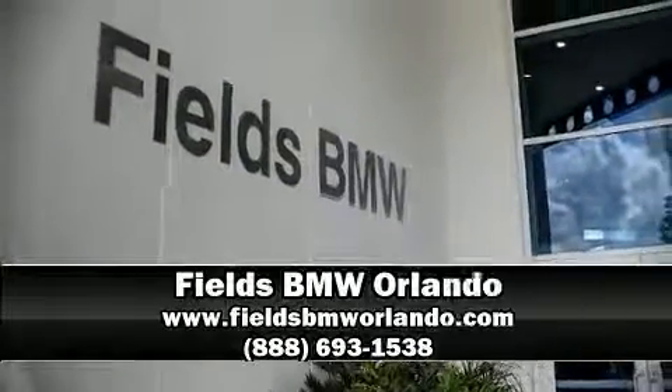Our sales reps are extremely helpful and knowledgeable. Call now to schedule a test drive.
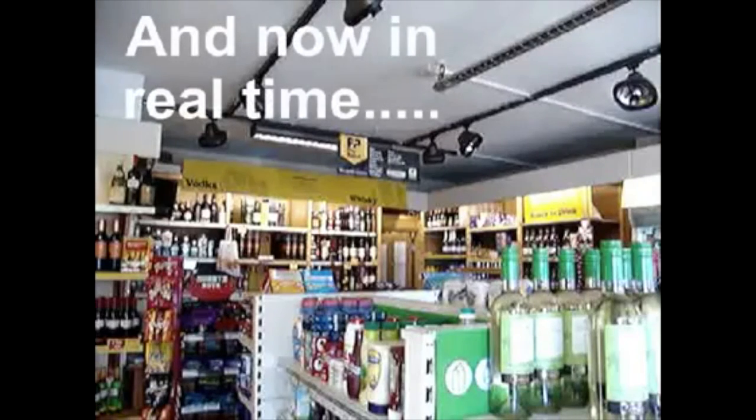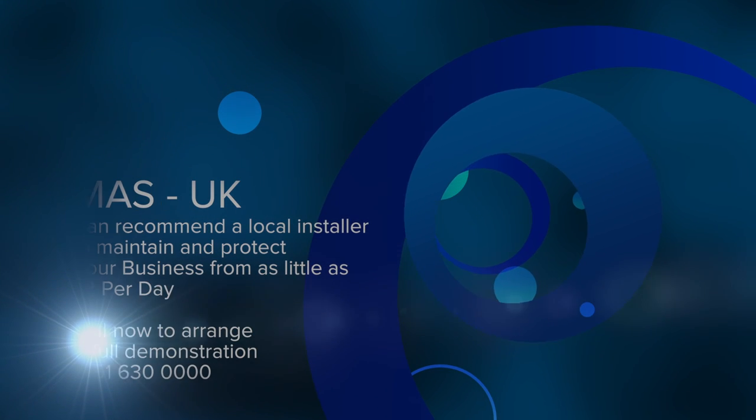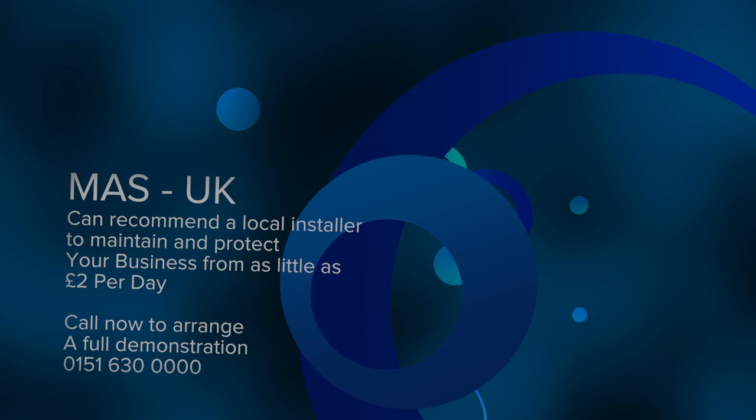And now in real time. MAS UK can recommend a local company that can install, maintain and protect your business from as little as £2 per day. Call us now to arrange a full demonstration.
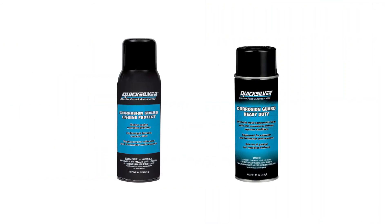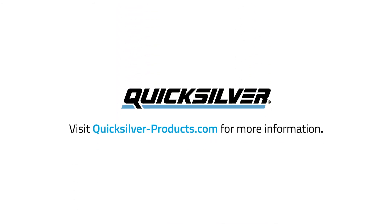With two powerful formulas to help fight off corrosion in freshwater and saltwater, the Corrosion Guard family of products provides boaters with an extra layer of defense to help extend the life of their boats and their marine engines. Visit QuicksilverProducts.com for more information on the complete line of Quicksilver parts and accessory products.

#####

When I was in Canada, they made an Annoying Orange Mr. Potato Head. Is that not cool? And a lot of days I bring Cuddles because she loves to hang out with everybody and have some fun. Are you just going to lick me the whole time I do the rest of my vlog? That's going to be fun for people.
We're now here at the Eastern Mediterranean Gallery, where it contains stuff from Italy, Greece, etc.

#####

◆ EXERCISE PROMPT ◆
In the listing above, locate the line containing "When I was in" and the line containing "We're now here". Transcribe those two lines and everything between them, exactly as written.

◆ ANSWER AREA ◆
When I was in Canada, they made an Annoying Orange Mr. Potato Head. Is that not cool? And a lot of days I bring Cuddles because she loves to hang out with everybody and have some fun. Are you just going to lick me the whole time I do the rest of my vlog? That's going to be fun for people.
We're now here at the Eastern Mediterranean Gallery, where it contains stuff from Italy, Greece, etc.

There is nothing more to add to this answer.